Journée internationale des femmes et filles de science : « Osez, quitte à vous tromper. Cela nous rend plus fortes ! » - Entretien avec Christelle Piechurski

La Journée internationale des femmes et filles de science se tient chaque année depuis 2015 à l’initiative de l’ONU, afin de promouvoir la participation et l’engagement des femmes et des filles dans le champ des STEM (Sciences, technologies, ingénierie et mathématiques). Au carrefour des sciences et des technologies, Christelle Piechurski a notamment été responsable Calcul quantique et HPC pour GENCI. Elle a accepté de répondre à nos questions.
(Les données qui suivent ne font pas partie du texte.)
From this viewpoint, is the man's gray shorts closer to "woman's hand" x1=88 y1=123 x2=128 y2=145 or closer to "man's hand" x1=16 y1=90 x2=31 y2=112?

Elle revient ici sur son parcours, sur les raisons qui l'ont poussée à choisir son métier, sur sa vision du HPC, du quantique, de l’IA au service de la science. Forte d’un parcours rare qui l’a menée de la Bretagne à l’Angola, de l’Angola à Paris, de la science au HPC et du HPC au quantique, Christelle Piechurski témoigne également de son expérience de femme dans le monde des technologies et des sciences et des pistes d’évolution.
Bonjour Christelle. Pourriez-vous vous en quelques mots vous présenter et décrire votre parcours ?
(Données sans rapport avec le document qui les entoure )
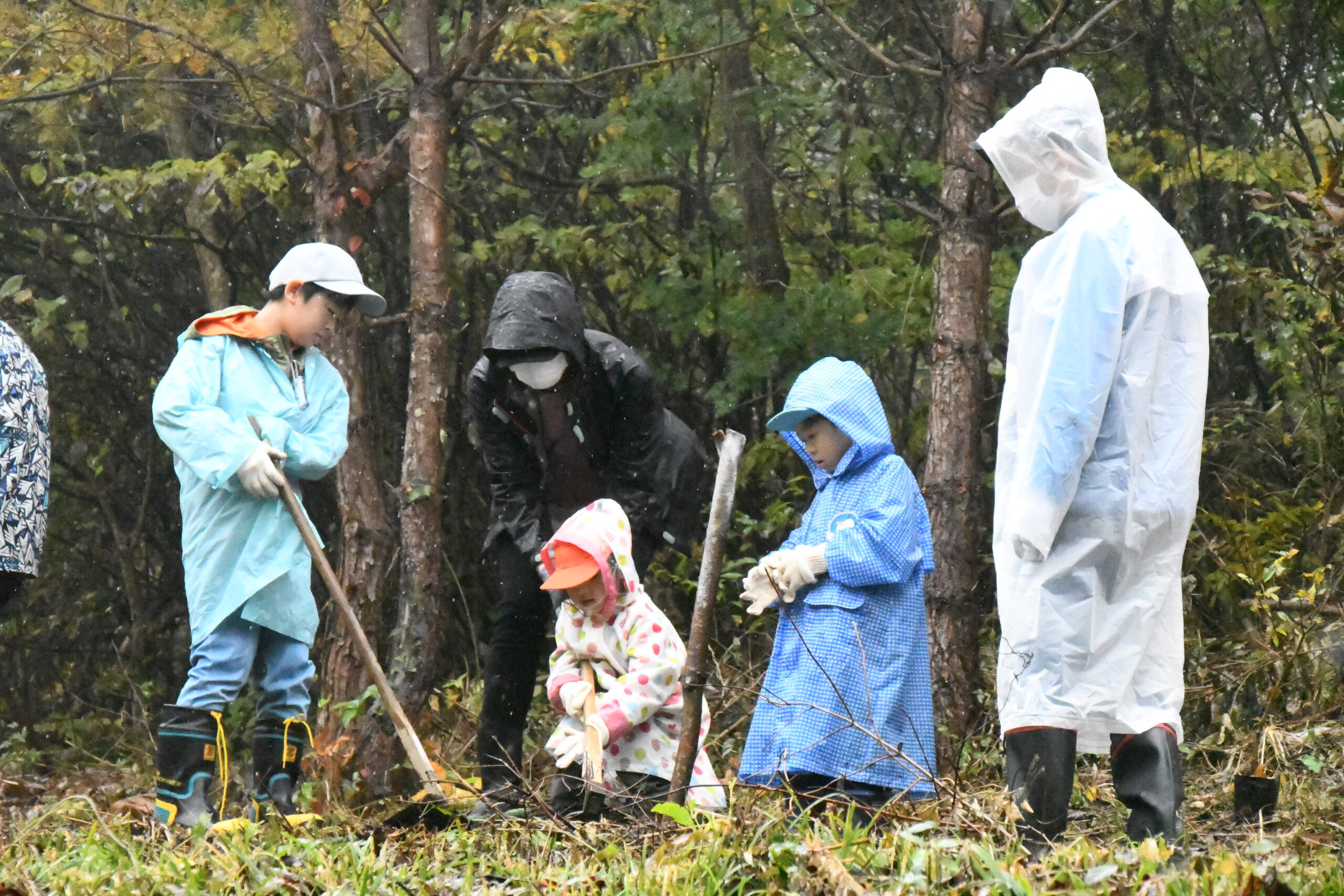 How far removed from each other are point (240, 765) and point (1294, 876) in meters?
6.68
Je suis d’origine bretonne, de Concarneau. J’ai cinquante ans. Après un bac scientifique au Lycée Brizeux de Quimper, j’ai choisi la voie scientifique qui m’a conduit vers un DEA de physique des matériaux à l’UBO (Université de Bretagne Occidentale). La physique quantique faisait alors partie intégrante de ma formation et je n’imaginais pas que des années plus tard, elle serait au cœur de mon activité. Je suis sensible aux enjeux environnementaux et attachée à ma région. J’ai ensuite entamé une thèse en océanographie spatiale à l’IFREMER. Je n’ai pas pu poursuivre ce projet par manque de financement. Alors, il m’a fallu faire face, choisir une voix différente pour avancer. Ce qui semblait une difficulté s’avéra une opportunité : je voulais allier science et voyages, à la découverte d’un monde qui bouge en permanence et que je ne connaissais pas. J’ai alors intégré CGG (la Compagnie générale de Géophysique), qui œuvre notamment dans le domaine du traitement de données sismiques. En tant que développeuse de leur logiciel j’ai appris par moi-même le Fortran 77, le langage emblématique de la communauté scientifique. Après 3 années, j’ai eu envie de comprendre les super-machines qui permettent, via la simulation numérique, de cartographier les sols. L'un des enjeux étant de découvrir des matières premières, comme du pétrole ou du gaz.
Les supercalculateurs au service de la science ont ouvert une deuxième page de votre vie professionnelle ?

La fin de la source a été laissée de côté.